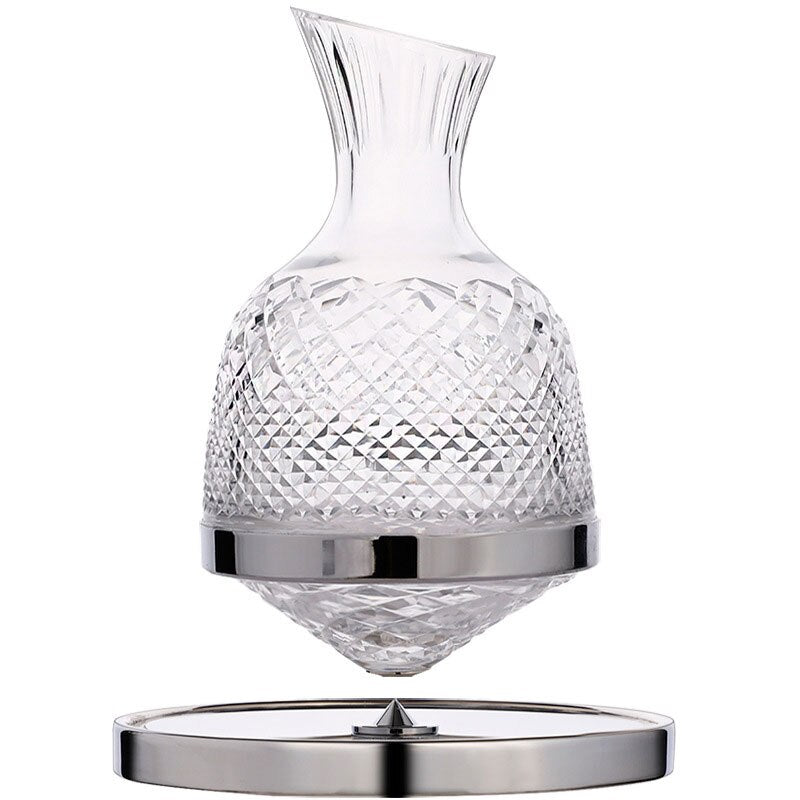 Luxurious Rotating Wine Separator Red Whiskey Tumbler Gyro Glass Bottle 1500ml Rotary Decanter With Tray Kitchen Bar Tools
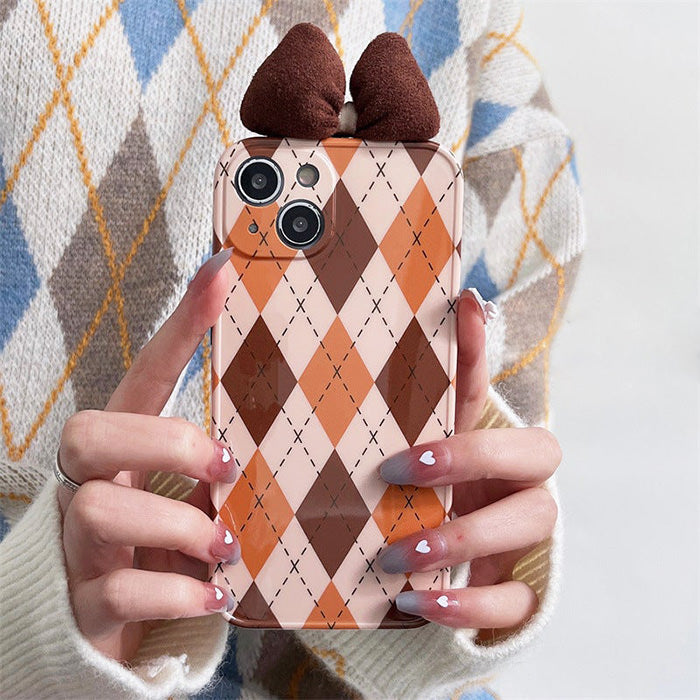 brown argyle iphone case boogzel apparel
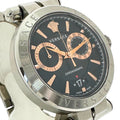 Versace Aion Chronograph Black Dial Silver Steel Strap Watch For Men - VE1D01019
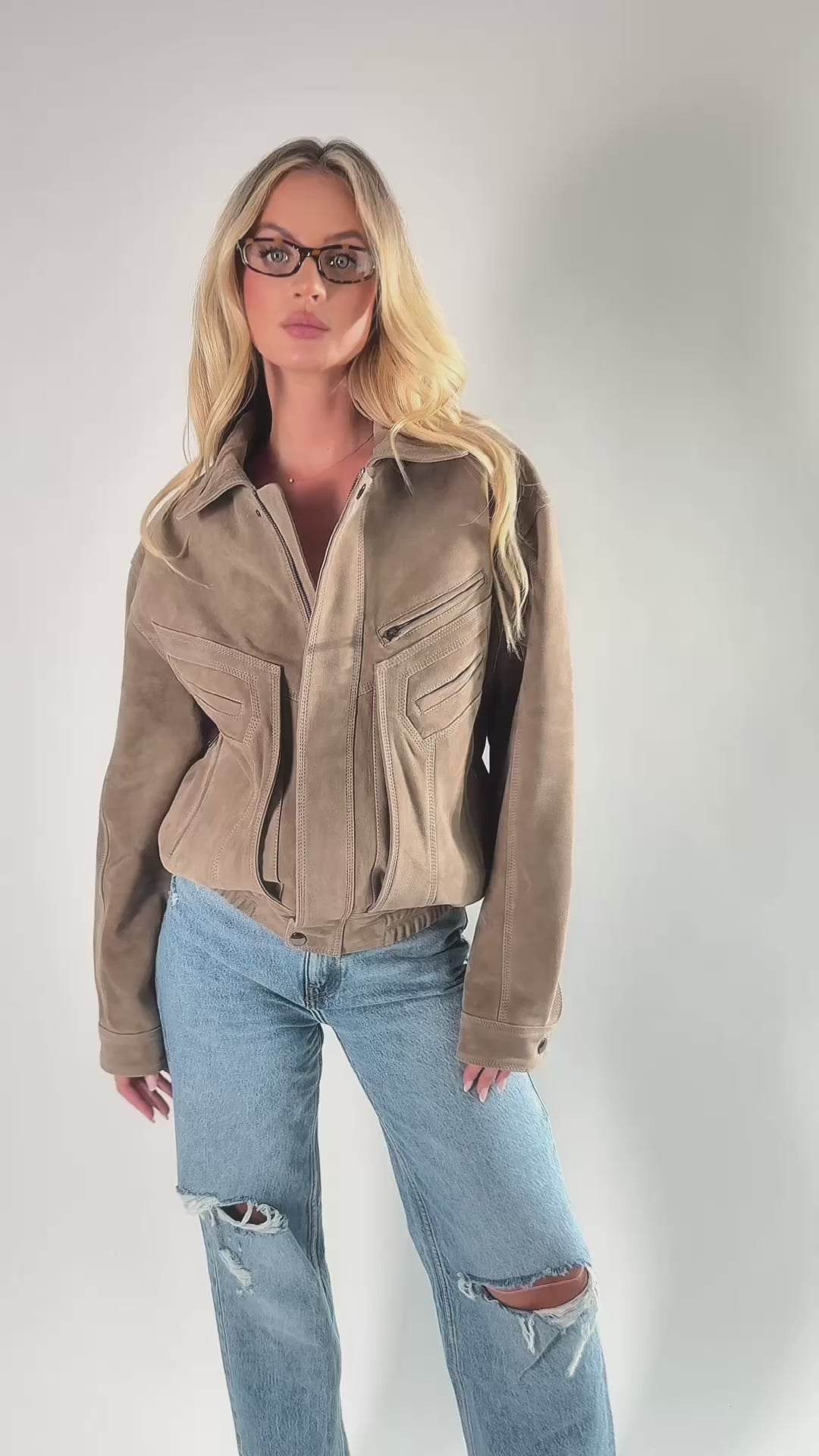 Skórzana kurtka Cappucino Unisex z zamszu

◇ ◇ ◇ ◇

Drop the images, then copy the data exactly.

#### Response to this exercise:
 Luxurious Rotating Wine Separator Red Whiskey Tumbler Gyro Glass Bottle 1500ml Rotary Decanter With Tray Kitchen Bar Tools
 brown argyle iphone case boogzel apparel
 Versace Aion Chronograph Black Dial Silver Steel Strap Watch For Men - VE1D01019
 Skórzana kurtka Cappucino Unisex z zamszu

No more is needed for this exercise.